Short text fragments from websites
....
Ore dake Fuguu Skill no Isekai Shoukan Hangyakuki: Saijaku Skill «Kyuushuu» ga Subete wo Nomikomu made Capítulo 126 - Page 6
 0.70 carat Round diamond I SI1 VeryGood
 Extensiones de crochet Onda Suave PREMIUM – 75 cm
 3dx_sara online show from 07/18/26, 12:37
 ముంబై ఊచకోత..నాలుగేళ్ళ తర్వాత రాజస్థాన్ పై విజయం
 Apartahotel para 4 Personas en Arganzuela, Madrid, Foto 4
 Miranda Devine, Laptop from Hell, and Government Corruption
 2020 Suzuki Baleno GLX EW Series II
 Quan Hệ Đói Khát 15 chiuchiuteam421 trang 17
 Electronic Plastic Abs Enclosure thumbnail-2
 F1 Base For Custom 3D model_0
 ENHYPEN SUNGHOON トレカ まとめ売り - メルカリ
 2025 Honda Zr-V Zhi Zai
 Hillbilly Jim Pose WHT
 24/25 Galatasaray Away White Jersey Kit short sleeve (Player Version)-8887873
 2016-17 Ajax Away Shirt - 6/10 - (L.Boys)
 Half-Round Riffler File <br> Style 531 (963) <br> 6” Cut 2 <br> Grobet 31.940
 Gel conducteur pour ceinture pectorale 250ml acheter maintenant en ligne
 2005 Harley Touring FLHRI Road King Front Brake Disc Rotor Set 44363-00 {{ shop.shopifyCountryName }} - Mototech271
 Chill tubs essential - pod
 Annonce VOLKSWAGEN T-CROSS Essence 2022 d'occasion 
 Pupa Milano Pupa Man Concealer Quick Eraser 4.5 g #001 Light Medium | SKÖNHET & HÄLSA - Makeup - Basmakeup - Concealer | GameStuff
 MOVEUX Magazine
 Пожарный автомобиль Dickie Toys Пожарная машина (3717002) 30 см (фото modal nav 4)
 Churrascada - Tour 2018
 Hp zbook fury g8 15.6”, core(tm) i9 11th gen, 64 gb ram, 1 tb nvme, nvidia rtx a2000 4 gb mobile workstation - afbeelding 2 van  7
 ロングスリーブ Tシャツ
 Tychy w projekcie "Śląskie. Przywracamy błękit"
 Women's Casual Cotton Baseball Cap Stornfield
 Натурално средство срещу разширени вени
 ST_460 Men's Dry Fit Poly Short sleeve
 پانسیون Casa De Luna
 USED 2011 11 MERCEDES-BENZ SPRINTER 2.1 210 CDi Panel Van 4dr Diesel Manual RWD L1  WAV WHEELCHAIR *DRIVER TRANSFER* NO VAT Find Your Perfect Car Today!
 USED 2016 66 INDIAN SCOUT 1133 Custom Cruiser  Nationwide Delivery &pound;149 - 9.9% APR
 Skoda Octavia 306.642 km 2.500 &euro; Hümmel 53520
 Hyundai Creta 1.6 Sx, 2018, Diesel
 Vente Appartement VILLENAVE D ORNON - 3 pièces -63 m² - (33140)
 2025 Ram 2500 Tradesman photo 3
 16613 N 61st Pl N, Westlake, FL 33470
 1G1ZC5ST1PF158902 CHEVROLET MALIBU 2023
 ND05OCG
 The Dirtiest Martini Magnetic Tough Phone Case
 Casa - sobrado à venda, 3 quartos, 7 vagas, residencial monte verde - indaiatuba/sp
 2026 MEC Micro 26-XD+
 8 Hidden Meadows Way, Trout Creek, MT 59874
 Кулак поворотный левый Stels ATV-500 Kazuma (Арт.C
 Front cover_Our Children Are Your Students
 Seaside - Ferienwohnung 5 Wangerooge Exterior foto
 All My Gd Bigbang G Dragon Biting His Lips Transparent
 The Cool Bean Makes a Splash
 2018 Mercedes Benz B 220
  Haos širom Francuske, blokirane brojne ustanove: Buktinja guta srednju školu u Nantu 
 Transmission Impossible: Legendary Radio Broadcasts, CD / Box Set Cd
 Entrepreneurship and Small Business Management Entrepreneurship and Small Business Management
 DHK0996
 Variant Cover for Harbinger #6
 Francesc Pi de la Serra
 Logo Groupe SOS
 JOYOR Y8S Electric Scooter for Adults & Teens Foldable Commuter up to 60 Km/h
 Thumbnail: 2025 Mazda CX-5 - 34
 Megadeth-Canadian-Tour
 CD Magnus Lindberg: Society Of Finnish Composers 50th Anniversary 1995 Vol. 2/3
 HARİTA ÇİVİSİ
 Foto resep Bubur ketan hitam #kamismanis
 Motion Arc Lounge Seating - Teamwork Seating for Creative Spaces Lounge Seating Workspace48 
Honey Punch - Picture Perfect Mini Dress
....
■ Task directions
The line with "Seaside - Ferienwohnung" and every line after it up to the end of the entries: output those exactly, and only those.

■ Exercise answer
 Seaside - Ferienwohnung 5 Wangerooge Exterior foto
 All My Gd Bigbang G Dragon Biting His Lips Transparent
 The Cool Bean Makes a Splash
 2018 Mercedes Benz B 220
  Haos širom Francuske, blokirane brojne ustanove: Buktinja guta srednju školu u Nantu 
 Transmission Impossible: Legendary Radio Broadcasts, CD / Box Set Cd
 Entrepreneurship and Small Business Management Entrepreneurship and Small Business Management
 DHK0996
 Variant Cover for Harbinger #6
 Francesc Pi de la Serra
 Logo Groupe SOS
 JOYOR Y8S Electric Scooter for Adults & Teens Foldable Commuter up to 60 Km/h
 Thumbnail: 2025 Mazda CX-5 - 34
 Megadeth-Canadian-Tour
 CD Magnus Lindberg: Society Of Finnish Composers 50th Anniversary 1995 Vol. 2/3
 HARİTA ÇİVİSİ
 Foto resep Bubur ketan hitam #kamismanis
 Motion Arc Lounge Seating - Teamwork Seating for Creative Spaces Lounge Seating Workspace48 
Honey Punch - Picture Perfect Mini Dress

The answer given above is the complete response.